Lender credits are like the inverse of discount points, which allow people to pay more money upfront to reduce their interest rate. Lender credits are generally determined and calculated as a percentage of the loan amount.
Both lender credits and mortgage points will appear on your Closing Disclosure or loan estimate if you choose this option. By speaking with a loan officer or mortgage broker, you’ll be able to determine what option is the most suitable for you.
Closing costs can be more expensive than you might anticipate. They typically equal 3 – 6% of your total loan value when purchasing a home. That means if you buy a home with a $200,000 loan, you can expect to pay an additional $6,000 – $12,000 in closing costs. These costs come in addition to anything that you pay in a down payment.
Expensive closing costs can make lender credits tempting. However, these credits may not be as advantageous as they appear.
Are Lender Credits Worth It?
Lender credits can provide a great opportunity for homeowners short on cash. However, it’s important to remember that lender credits aren’t free money. You pay for anything you take out in credits over the course of your loan when the lender increases your interest rate.
Your monthly mortgage payment may only increase by a few dollars each month, but this small increase can add up to thousands of dollars in a short amount of time. Let’s look at an example.
Lender Credits Example
Let’s say you want to buy a home with a $200,000 principal loan balance and a 30-year term at 4%. Your lender tells you that when you close, you’ll need to pay $6,000 in closing costs. You can take on an interest rate of 4.25% if you don’t want to cover your closing costs.
The only thing you need to pay for is a down payment in exchange for accepting higher interest rates. You may not have this money on hand after calculating your down payment, so you decide to take the lender credits.

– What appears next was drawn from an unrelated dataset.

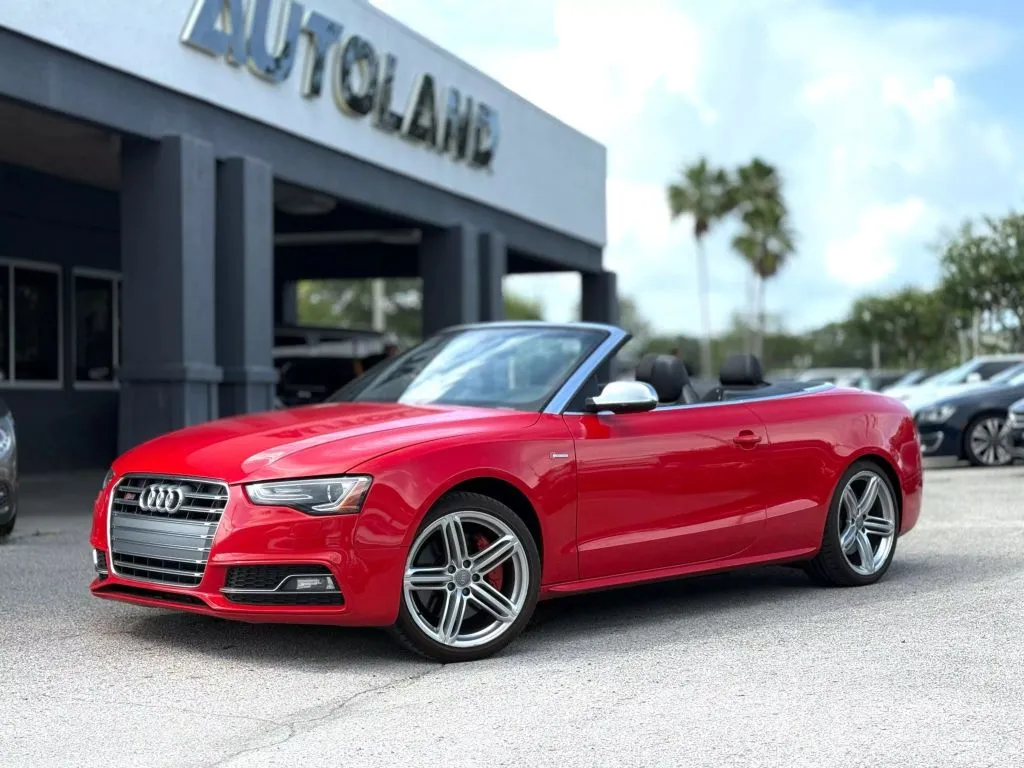2013 Audi S5 For Sale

Your monthly payment is $983.88 because you took the lender credits. By the time your loan matures and you own your home, you’ll have paid your lender $154,196.73 in interest.

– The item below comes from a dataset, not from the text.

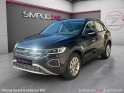 Volkswagen t-roc 1.5 tsi evo 150 start/stop dsg7 life garantie constructeur entretien vw occasion simplicicar la ciotat...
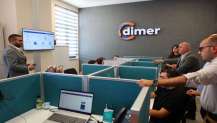 DİMER Hizmete Başladı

Now, let’s look at what you’d pay if you had covered your own closing costs. You’d pay $6,000 to your lender upfront at 4% – paying your own closing costs means a lower interest rate. In this example, your monthly payment would be $954.83. That’s just under $30 less per month than the higher APR.
Over the course of your loan, you pay a total of $143,738.99 in interest. Even after you subtract the $6,000 you paid in closing costs when you took your loan, this loan is over $4,500 less expensive. Even a small increase in your APR makes a big difference in how much you end up paying.
Let’s take a closer look at some more benefits and drawbacks of lender credits to help you decide if they’re right for you.
Benefits Of Lender Credits
Lender credits can offer some powerful benefits, especially if you’re short on cash. Here are some:
- You pay less upfront to your lender. The major benefit of lender credits is that they allow you to close on your mortgage loan without paying thousands in closing costs. The average home buyer pays about 3 – 6% of their loan’s value in closing costs, which can quickly add up to thousands of dollars.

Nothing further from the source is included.